PROBLEM
From the entries below, copy out all lines holding "Bayern".

LISTED RECORDS
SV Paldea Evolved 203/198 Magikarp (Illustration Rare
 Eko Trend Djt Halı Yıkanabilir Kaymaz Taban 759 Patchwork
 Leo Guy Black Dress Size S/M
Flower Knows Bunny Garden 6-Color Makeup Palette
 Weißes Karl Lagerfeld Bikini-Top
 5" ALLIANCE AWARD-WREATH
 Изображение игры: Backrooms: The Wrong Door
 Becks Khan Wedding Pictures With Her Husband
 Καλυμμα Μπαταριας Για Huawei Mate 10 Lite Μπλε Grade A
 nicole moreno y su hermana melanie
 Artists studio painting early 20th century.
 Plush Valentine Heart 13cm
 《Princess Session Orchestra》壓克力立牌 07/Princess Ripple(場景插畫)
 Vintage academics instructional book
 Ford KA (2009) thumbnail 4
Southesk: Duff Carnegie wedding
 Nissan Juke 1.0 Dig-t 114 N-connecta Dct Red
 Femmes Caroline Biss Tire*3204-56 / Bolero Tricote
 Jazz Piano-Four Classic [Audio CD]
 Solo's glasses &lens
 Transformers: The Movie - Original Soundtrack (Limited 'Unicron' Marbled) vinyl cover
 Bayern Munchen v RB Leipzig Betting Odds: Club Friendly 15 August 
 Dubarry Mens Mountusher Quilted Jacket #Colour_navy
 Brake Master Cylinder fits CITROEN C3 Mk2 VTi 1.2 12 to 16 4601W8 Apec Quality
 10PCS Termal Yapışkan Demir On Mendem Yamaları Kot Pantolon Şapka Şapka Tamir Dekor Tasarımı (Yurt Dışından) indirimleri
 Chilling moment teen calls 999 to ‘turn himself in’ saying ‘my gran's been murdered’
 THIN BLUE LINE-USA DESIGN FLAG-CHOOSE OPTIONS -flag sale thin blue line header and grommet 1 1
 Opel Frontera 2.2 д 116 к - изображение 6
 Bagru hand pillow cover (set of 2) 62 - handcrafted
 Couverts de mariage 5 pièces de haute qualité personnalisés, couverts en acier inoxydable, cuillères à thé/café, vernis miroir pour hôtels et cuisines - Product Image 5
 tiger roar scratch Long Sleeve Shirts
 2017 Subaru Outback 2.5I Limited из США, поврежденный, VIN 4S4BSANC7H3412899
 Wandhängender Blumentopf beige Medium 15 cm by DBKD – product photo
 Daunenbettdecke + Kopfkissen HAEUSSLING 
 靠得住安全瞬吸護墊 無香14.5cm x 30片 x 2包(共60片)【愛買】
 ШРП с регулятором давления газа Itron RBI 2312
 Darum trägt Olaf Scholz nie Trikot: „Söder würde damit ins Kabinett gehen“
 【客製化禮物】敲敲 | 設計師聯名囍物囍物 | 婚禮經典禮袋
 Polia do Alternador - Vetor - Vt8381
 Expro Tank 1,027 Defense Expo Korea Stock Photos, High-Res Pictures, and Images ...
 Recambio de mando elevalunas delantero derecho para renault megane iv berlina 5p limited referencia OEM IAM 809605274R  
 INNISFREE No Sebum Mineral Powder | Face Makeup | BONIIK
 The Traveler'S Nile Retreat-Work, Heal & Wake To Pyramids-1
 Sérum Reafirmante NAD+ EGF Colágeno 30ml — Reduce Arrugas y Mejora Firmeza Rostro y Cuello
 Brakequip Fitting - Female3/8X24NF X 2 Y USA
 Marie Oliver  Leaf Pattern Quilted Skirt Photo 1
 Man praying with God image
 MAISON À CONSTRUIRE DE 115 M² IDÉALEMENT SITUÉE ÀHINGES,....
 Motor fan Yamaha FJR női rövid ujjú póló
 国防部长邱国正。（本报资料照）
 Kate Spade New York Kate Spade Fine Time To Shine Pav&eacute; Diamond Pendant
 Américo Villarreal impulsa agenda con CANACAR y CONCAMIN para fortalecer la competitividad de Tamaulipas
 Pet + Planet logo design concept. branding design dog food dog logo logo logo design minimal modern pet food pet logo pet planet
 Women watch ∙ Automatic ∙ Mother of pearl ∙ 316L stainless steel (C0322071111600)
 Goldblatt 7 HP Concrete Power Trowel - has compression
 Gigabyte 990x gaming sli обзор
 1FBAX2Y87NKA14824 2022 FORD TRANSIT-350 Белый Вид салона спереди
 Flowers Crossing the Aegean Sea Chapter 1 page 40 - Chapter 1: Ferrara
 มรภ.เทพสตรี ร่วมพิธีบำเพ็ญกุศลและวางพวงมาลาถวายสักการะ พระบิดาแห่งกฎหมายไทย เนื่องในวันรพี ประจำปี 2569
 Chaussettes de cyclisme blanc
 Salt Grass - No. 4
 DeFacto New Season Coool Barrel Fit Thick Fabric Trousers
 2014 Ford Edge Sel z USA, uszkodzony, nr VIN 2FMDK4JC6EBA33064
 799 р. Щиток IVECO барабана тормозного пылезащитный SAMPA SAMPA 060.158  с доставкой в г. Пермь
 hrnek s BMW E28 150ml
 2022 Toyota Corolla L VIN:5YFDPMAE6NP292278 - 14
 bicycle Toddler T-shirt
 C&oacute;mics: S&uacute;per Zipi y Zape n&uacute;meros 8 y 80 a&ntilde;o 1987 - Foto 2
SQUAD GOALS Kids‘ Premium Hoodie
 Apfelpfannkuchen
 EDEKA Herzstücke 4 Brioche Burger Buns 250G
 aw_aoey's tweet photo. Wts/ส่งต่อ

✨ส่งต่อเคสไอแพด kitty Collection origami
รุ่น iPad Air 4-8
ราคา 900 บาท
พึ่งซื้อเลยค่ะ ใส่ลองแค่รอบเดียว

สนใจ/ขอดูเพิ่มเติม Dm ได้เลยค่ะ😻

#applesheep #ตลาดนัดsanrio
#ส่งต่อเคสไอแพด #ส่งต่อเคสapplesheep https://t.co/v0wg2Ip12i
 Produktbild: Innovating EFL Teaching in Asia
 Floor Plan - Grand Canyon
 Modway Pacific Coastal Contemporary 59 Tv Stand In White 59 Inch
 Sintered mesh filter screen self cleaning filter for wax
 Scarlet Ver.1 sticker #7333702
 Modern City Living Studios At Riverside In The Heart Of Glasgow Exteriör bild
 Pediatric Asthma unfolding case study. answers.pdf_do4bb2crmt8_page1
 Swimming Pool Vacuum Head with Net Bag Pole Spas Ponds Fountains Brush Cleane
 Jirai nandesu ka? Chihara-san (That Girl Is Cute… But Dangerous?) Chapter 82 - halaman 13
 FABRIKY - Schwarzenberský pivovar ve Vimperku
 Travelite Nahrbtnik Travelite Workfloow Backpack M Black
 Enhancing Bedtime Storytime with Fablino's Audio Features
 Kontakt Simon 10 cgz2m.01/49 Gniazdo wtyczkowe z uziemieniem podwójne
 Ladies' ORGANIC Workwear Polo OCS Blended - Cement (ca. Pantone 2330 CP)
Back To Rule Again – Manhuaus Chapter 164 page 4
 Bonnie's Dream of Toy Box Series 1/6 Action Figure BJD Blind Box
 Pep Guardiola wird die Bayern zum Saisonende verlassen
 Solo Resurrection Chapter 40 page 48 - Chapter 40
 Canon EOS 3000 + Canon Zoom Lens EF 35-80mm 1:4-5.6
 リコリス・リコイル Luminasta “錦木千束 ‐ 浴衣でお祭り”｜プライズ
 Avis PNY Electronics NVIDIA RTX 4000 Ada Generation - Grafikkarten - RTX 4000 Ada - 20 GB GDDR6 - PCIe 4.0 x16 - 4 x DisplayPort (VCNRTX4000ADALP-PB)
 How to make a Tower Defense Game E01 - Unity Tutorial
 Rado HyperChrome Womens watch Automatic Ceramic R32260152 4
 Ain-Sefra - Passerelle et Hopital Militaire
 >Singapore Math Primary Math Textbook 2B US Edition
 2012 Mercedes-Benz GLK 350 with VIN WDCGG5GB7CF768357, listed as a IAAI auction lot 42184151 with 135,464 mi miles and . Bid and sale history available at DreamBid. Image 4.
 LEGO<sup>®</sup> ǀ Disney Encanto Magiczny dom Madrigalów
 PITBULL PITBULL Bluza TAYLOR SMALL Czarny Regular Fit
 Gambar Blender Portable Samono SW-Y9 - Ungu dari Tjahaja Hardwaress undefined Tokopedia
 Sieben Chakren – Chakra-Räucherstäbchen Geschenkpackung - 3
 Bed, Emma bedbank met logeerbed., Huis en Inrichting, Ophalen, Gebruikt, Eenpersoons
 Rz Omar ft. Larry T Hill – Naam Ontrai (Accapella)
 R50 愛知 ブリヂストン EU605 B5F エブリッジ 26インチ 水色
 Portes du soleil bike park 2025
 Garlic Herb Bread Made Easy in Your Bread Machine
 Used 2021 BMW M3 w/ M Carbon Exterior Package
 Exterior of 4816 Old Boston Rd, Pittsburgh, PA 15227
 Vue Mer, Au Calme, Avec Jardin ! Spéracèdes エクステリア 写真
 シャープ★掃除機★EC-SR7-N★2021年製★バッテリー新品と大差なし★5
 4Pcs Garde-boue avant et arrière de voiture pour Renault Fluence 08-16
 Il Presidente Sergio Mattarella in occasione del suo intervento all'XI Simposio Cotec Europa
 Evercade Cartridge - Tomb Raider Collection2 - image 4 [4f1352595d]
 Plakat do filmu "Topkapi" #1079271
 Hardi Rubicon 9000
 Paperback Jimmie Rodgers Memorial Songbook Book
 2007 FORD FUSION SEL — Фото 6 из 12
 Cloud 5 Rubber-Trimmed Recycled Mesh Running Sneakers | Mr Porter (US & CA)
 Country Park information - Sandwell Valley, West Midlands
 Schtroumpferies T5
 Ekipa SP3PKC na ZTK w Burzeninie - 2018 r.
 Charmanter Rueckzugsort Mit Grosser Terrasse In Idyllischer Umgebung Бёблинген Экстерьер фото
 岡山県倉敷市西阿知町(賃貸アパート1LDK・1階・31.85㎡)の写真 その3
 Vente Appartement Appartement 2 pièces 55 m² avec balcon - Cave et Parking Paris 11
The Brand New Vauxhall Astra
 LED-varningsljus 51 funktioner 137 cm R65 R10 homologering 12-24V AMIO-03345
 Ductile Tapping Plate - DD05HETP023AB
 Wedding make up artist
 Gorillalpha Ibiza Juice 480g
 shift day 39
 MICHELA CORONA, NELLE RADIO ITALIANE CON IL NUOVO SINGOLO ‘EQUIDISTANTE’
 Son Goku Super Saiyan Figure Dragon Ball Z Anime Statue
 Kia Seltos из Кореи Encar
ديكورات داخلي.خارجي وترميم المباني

TASK ANSWER
 Bayern Munchen v RB Leipzig Betting Odds: Club Friendly 15 August 
 Pep Guardiola wird die Bayern zum Saisonende verlassen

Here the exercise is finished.